Graduations are everywhere. Friends, neighbors and service providers have kids who are graduating or are graduating themselves.
I notice that those with graduating teens are experiencing a graduation themselves. It's a new stage of life for parents and children both.
It feels like a new stage of life for me, too.
My illness has been my teacher. My dreams put my malaise on the same par as The Maharishi. Yesterday, I wondered if on some level I needed and chose to be unwell in order to remake my life on the deepest level.
My first question is, what does my illness want me to learn? What have the teachings and gifts from it been?
That list is long. I came up with most of the items on my list by using the phrase:
- Because I'm sick, I get to...
So just to name a few, I get to get new clothes that fit me physically and personally. I get to drop my superwoman personna that had me doing more and carrying loads that wore me out. I get to be human. I get to spend time cooking, learning about herbs, and developing my kitchen alchemy.
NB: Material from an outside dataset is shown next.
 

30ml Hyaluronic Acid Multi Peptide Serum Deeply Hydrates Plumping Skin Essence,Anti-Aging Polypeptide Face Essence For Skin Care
I get to speak a deeper level of truth with Bob, even when it's hard for him to hear. I get to stop supporting Bob in ways that deplete me. The list goes on.
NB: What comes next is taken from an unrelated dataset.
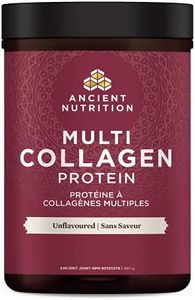 Ancient Nutrition Multi Collagen Protein Powder - Unflavoured, Formulated by Dr. Josh Axe, 4 Collagen Sources, 5 Types of Collagen, 480 Grams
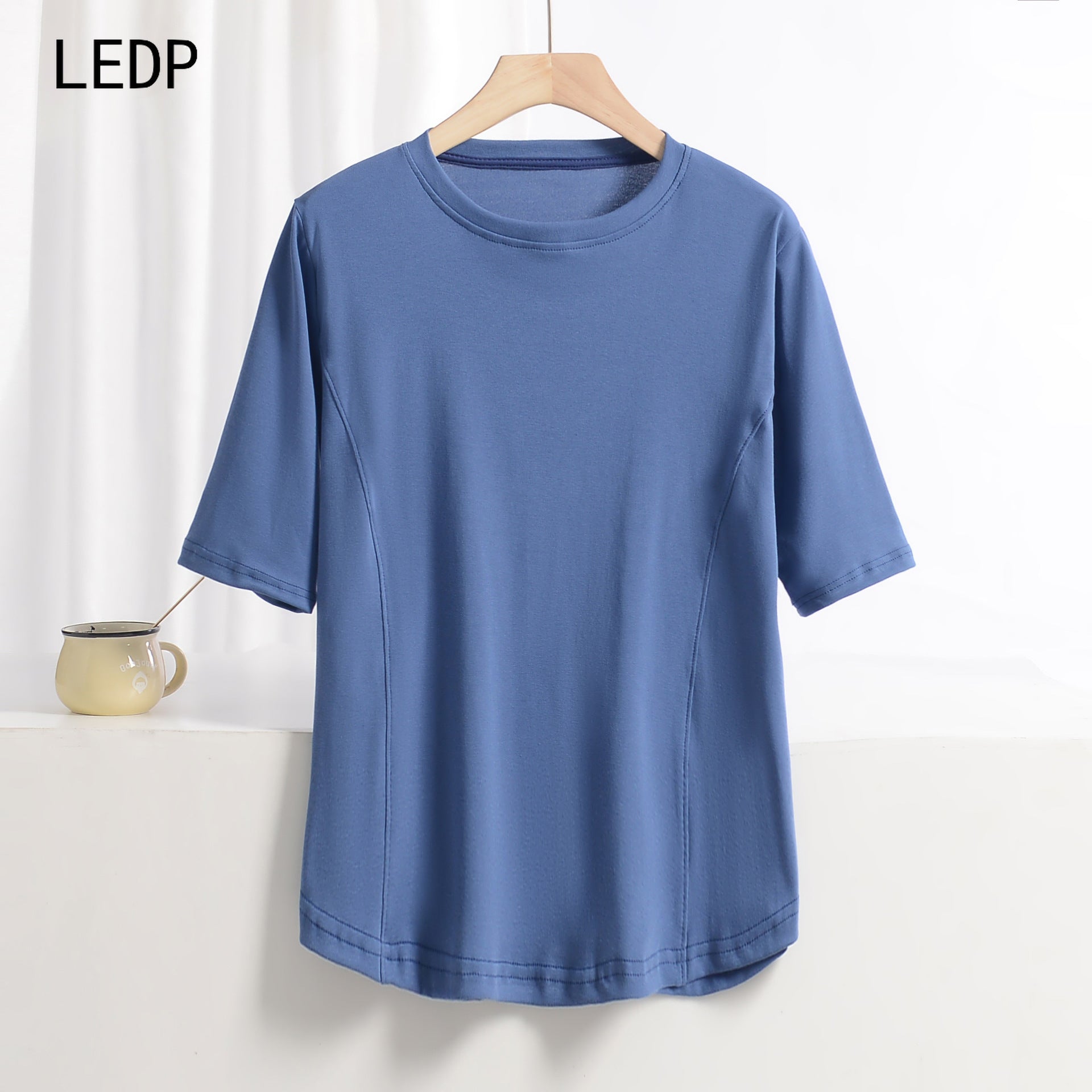 181682 Antibacterial and deodorant large size sports T-shirt for women quick-drying sweat-absorbent fabric yoga fitness training suit high elastic d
My second question is, can I live these teachings and receive these gifts without needing to be sick?
One phrase for that question is:
- I don't need to be sick to...
If I consciously choose to live the teachings of my illness, I think it would unravel anything I might be doing unconsciously that prolongs the illness.
Have I graduated? I don't know, but it sure feels like I have. But like all graduations, it's really just the beginning.
Happy graduation season to you and yours. May your transitions be liberating.